Q. The past week witnessed publication of a UN report on human rights aspects of last summer’s Gaza war, the ten-year anniversary of Israel’s withdrawal from the Strip and, early this Monday morning, a low-key interception and thwarting by Israel of a flotilla trying to break Israel’s naval blockade of Gaza. Yet the Strip itself is quiet. What are the key dynamics involved here from Israel’s standpoint?

A. I would start with the ten-year anniversary. Because it offers a bit of perspective, it allows us to focus on what I consider to be one obvious, and painful, dynamic: Israel Intelligence was and remains unable to anticipate directions of decision-making regarding war and peace on the part of neighboring non-state Islamist leaders.

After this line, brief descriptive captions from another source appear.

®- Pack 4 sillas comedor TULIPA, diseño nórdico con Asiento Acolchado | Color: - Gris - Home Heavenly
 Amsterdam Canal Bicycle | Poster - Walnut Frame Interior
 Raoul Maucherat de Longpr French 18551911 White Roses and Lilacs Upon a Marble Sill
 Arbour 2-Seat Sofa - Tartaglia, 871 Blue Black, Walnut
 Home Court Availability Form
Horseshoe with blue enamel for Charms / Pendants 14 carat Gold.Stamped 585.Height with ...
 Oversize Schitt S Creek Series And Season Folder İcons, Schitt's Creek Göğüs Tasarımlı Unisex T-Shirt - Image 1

From a fascinating reconstruction of the Gaza withdrawal decision-making process published over the weekend by Alex Fischman of Yediot Aharonot, it emerges that then Prime Minister Ariel Sharon decided in 2003 to withdraw from the Strip without even consulting the Israeli Intelligence establishment. Further, Israel’s Intelligence chiefs assessed at the time of withdrawal in the summer of 2005 that the Hamas leadership in Gaza would behave rationally, would not challenge Fateh’s overall leadership and would not attack Israel--all mistaken judgments.

Fast-forward to last summer’s war. Once again, Israeli Intelligence proved unable to intuit or anticipate a Hamas decision-making process that ignored ceasefire opportunities early in the conflict and continued stubbornly to wage a war that witnessed more and more civilian casualties in the Strip with little to show for the effort from Hamas’ standpoint.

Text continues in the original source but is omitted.